AIM OF THE TASK
Copy out each line below verbatim, skipping any picture.

DATASET CONTENT
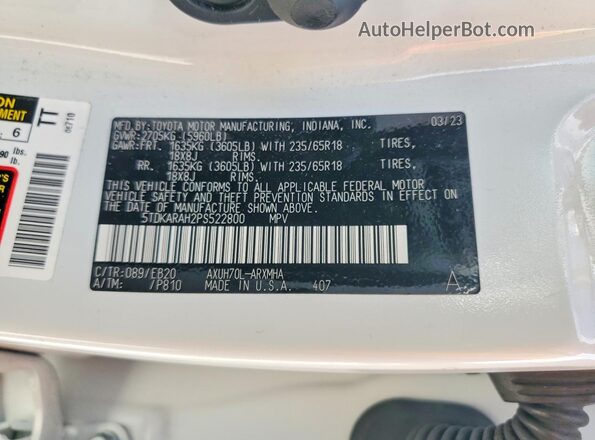 5TDKARAH2PS522800 2023 TOYOTA HIGHLANDER White Вид наклейки з VIN-кодом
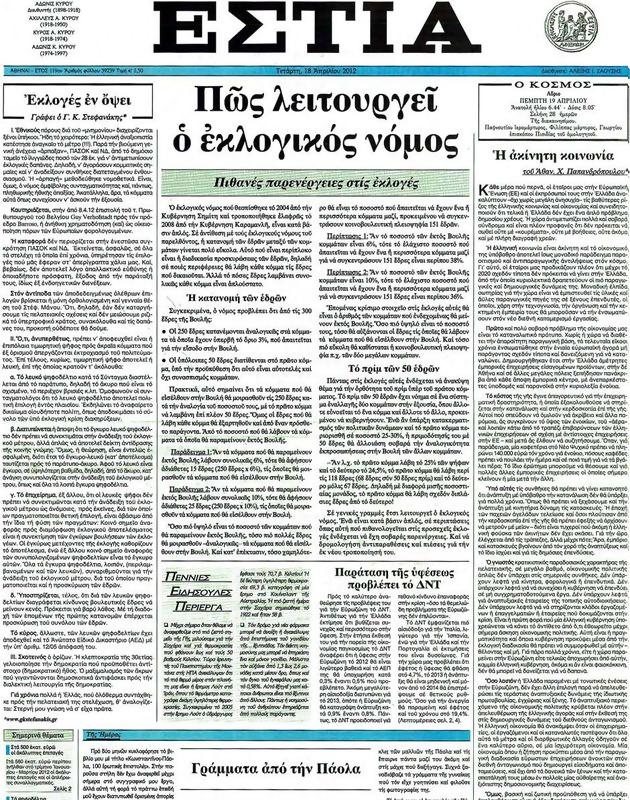 Πρωτοσέλιδο Εστία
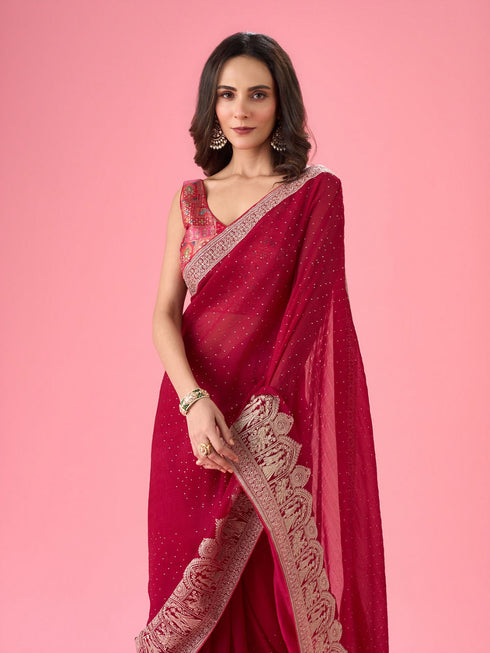 Mohey Pink Elegance Organza Saree
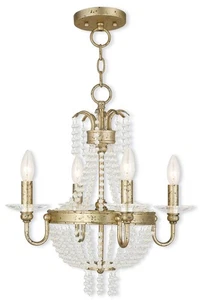 Livex Lighting 51844-28 Valentina Mini Chandelier Hand Applied Winter Gold - Picture 1 of 11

PROBLEM SOLUTION
 5TDKARAH2PS522800 2023 TOYOTA HIGHLANDER White Вид наклейки з VIN-кодом
 Πρωτοσέλιδο Εστία
 Mohey Pink Elegance Organza Saree
 Livex Lighting 51844-28 Valentina Mini Chandelier Hand Applied Winter Gold - Picture 1 of 11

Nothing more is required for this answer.